(Short web captions)
════════════════════

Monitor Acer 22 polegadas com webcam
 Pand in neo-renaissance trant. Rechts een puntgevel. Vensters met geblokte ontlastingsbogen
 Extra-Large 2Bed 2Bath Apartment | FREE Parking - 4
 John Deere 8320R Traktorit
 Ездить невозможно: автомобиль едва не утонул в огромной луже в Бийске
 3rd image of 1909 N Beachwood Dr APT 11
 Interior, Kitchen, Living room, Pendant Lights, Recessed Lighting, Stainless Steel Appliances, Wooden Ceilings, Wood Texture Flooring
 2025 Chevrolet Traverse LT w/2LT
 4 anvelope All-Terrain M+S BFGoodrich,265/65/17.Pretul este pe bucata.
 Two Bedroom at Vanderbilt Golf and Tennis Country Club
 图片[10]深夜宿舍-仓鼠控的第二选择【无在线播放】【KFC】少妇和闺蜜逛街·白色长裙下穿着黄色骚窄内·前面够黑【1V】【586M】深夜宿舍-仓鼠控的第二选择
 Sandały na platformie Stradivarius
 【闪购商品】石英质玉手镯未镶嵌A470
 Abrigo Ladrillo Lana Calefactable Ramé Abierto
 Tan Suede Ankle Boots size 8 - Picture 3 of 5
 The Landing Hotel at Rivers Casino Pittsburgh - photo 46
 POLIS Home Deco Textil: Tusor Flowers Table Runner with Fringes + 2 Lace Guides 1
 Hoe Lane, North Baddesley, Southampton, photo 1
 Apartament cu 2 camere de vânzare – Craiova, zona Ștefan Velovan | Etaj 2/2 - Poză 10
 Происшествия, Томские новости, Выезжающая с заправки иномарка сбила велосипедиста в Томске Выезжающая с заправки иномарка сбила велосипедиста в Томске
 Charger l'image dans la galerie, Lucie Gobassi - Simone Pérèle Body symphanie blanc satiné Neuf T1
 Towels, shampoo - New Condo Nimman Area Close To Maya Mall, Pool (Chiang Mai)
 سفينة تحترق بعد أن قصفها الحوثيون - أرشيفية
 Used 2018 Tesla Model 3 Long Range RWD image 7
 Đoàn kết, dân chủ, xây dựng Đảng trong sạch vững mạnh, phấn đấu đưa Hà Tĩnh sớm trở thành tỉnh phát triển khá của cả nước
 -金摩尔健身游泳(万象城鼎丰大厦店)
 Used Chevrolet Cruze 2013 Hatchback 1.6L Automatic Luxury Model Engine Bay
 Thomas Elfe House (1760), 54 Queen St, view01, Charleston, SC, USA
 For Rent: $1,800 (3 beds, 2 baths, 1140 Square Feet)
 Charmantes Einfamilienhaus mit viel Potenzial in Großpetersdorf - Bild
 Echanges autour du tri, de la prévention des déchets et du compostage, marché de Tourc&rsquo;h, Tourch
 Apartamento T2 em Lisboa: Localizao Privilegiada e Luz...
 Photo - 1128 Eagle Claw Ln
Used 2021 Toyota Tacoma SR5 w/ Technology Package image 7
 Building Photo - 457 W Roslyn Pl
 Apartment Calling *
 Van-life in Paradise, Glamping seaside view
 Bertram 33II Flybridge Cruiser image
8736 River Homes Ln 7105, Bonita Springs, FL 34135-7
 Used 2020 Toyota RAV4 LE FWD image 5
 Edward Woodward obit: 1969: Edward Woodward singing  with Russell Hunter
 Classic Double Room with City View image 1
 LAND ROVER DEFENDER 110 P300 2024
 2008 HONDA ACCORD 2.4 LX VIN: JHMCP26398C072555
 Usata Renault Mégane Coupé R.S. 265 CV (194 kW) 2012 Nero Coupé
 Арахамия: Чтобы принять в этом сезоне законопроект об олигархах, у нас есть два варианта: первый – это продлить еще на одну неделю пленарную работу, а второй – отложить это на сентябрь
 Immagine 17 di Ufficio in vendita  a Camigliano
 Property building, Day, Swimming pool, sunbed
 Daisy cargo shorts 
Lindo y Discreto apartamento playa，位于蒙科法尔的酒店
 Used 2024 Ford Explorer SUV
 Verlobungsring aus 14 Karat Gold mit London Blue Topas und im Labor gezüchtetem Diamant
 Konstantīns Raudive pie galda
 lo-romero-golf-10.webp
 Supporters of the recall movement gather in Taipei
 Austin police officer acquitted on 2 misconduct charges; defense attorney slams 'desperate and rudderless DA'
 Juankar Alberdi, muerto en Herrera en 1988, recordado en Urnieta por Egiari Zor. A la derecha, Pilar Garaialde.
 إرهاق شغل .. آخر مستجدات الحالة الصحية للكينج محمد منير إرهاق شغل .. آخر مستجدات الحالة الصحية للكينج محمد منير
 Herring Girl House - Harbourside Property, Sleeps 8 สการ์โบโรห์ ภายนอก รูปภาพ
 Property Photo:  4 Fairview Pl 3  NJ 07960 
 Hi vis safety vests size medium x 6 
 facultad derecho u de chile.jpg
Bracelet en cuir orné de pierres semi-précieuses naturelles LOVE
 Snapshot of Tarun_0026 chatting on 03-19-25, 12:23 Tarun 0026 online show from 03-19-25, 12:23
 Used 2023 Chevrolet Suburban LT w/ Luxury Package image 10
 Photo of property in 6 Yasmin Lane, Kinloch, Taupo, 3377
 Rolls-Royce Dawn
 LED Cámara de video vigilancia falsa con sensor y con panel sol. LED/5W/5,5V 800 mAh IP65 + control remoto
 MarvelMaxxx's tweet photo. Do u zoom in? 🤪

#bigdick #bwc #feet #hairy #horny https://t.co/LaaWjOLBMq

════════════════════

Could you return the lines in the entries above that contain "size"?

 Tan Suede Ankle Boots size 8 - Picture 3 of 5
 Hi vis safety vests size medium x 6 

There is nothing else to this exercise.